Le Faust de Sokourov débute sur le pénis tuméfié d’un cadavre et s’achève sur les jaillissements orgasmiques de geysers islandais. De l’abjecte nécrose à l’éjaculation minérale, comment le film parvient-il à joindre les deux bouts ? Question d’autant plus entêtante que Faust est un magma : au-delà du fil d’Ariane tissé par l’obsession érotique du savant, le film a de quoi égarer le spectateur par sa logorrhée philosophique, les comportements incongrus de ses personnages, son mélange déconcertant de solennel et de grotesque.

L’agonie d’un monde

D’un bout à l’autre, Faust exhale une odeur de mort et de putréfaction. La décomposition est affirmée comme le seul horizon de la vie – fatalité d’autant plus accablante que les hommes ont perdu toute croyance en une réalité spirituelle. Dès la première scène, l’éviscération d’un cadavre s’accompagne d’un discours déniant à chaque organe son statut de siège possible de l’âme. Les dialogues ratifient l’abolition de toute transcendance, la destitution de Dieu. Les hommes s’arrogent ses prérogatives, en premier lieu sa fonction de démiurge. D’où le pathétique homoncule créé par l’assistant de Faust. La caméra s’attarde, fascinée, sur la créature agonisante : l’avènement du prétendu surhomme laisse un arrière-goût étrange, mêlant mélancolie diffuse et horreur pure.

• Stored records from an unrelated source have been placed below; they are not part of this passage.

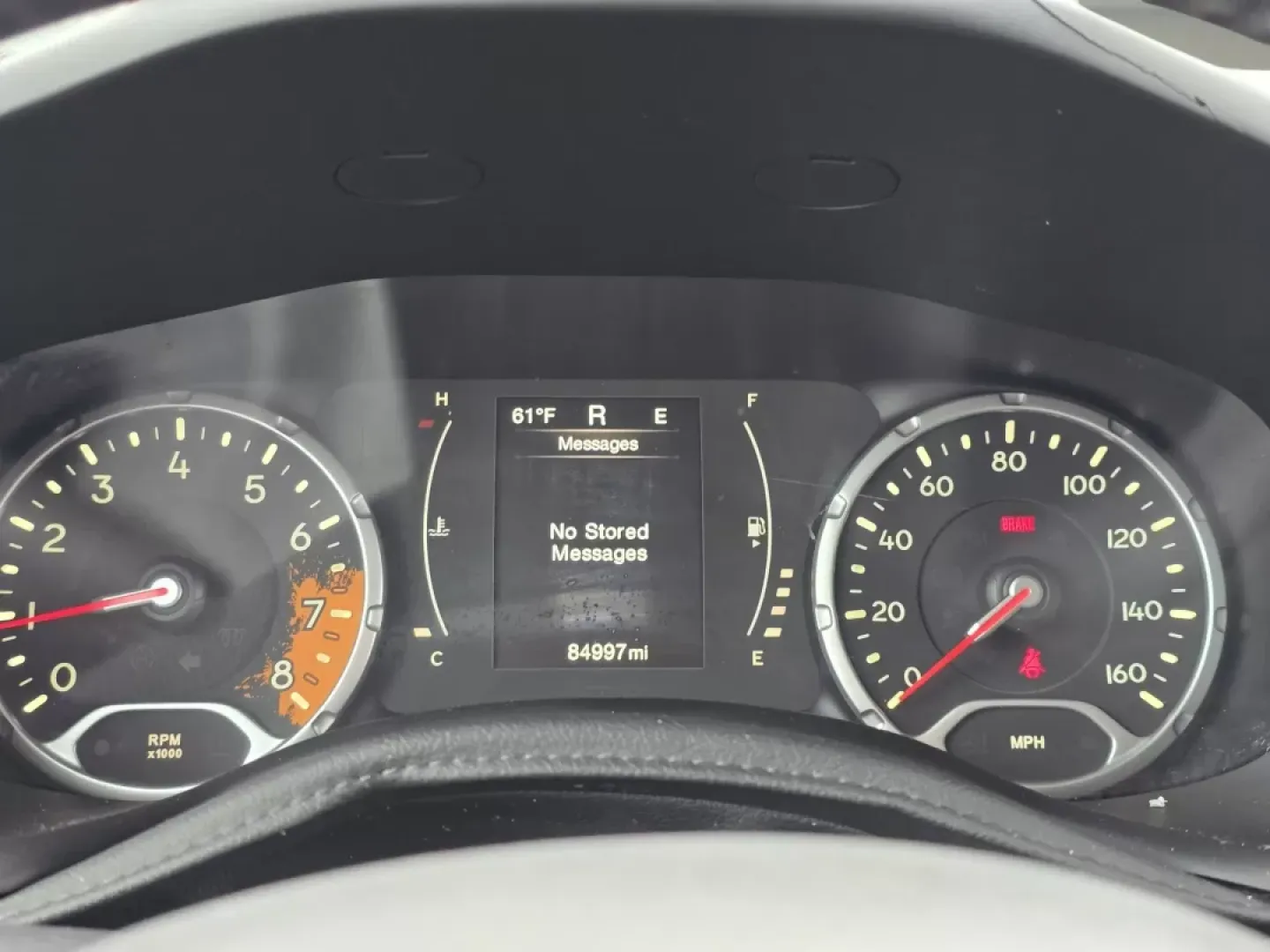 2017 /Black Jeep Renegade Latitude (ZACCJABB8HP) with an Other engine, located at 804 22nd Ave, Phenix City, AL, 36870, (334) 297-1860, 32.484749, -85.024475 - **Adventure Awaits: Explore the 2017 Jeep Renegade Latitude at Gils Auto**<br /> <br /> Are you ready to elevate your weekend adventures or tackle your daily commute with flair? The 2017 Jeep Renegade Latitude is the perfect crossover for those who crave both style and functionality. With its rugged - Photo#19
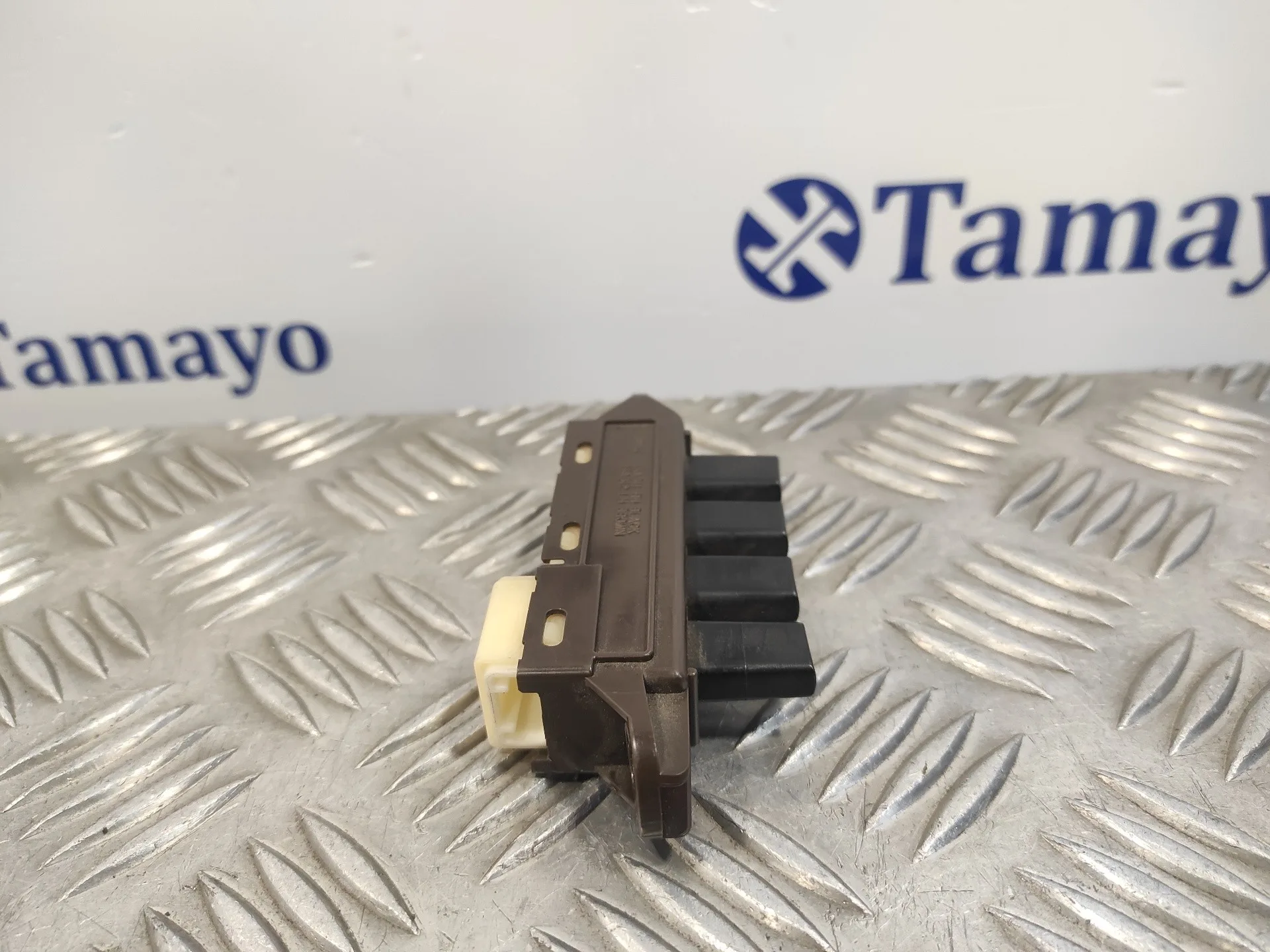 Interruptor para Lexus Gs (Gs/Us/Ws19)
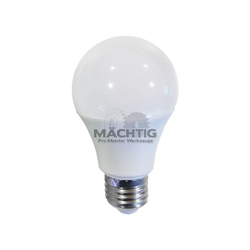 Machtig Led sijalica llp-05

Au sein de ce XIXe siècle fantasmé, en passe de basculer irréversiblement dans la modernité, seul l’usurier diabolique continue d’avoir la foi. Ne l’affirmerait-il à plusieurs reprises, que son goût prononcé pour le blasphème témoignerait de la persistance d’un sens du sacré. Mais ce personnage étrange et grotesque finit enseveli sous les rochers : Faust le rejette en même temps qu’il tourne en dérision le pacte signé avec son sang. C’est qu’il n’y a guère d’enjeu à vendre son âme au diable dès lors qu’on ne croit pas en celle-ci. De là vient sans doute que le film traite si tardivement, et avec une désinvolture presque parodique cet évènement décisif dans le mythe classique de Faust.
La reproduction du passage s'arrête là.